産業廃棄物収集運搬業とは
排出先からの委託に応じて産業廃棄物を集め、運搬車両に積載し、処分場に運ぶ場合、「産業廃棄物収集運搬業」の許可が必要となります。
特別管理産業廃棄物を運ぶ場合は「特別管理産業廃棄物収集運搬業」です。
あくまで「排出先からの委託に応じ」る場合に必要となる許可ですので、自社で発生した産業廃棄物を収集運搬する場合には、許可は必要ありません。
また、運ぶものが「有価物」である場合も、そもそも「廃棄物」の運搬に当たりませんので、許可は必要ありません。

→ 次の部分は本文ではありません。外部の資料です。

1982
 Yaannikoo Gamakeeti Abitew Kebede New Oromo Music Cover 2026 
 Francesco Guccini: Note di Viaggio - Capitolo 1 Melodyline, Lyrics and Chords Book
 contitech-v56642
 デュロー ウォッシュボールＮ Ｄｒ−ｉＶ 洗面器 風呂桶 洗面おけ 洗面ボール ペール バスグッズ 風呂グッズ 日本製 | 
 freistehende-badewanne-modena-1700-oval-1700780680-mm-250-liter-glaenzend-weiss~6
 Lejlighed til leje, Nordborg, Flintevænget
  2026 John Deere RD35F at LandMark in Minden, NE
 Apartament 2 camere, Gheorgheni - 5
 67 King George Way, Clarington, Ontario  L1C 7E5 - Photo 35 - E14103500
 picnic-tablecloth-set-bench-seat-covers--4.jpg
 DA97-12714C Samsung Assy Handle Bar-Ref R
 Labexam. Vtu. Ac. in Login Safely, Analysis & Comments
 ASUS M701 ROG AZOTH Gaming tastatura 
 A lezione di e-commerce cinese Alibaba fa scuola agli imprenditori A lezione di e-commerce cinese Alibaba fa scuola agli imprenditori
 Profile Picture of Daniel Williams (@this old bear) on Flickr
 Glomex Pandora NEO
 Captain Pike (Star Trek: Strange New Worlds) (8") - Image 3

(ただし、「何が有価物か」に関しては判断が難しいところがありますので、改めて確認が必要です。)
原則として、廃棄物を積む場所(排出事業場又は積替え場所)と卸す場所(積替え場所又は処理する施設)を所管する都道府県知事の許可が必要となります。
※政令市内で積替え保管を行う場合や、都道府県内で一の政令市のみで業を行う場合は、当該市長の許可が必要になります。
積替え保管施設
産業廃棄物収集運搬業を行う場合によく聞くのが「積替え保管」「積替え保管施設」という言葉です。
これは一見して中間処理の一形態のような印象を受けますが、中間処理ではなくあくまで産業廃棄物収集運搬業の一形態です。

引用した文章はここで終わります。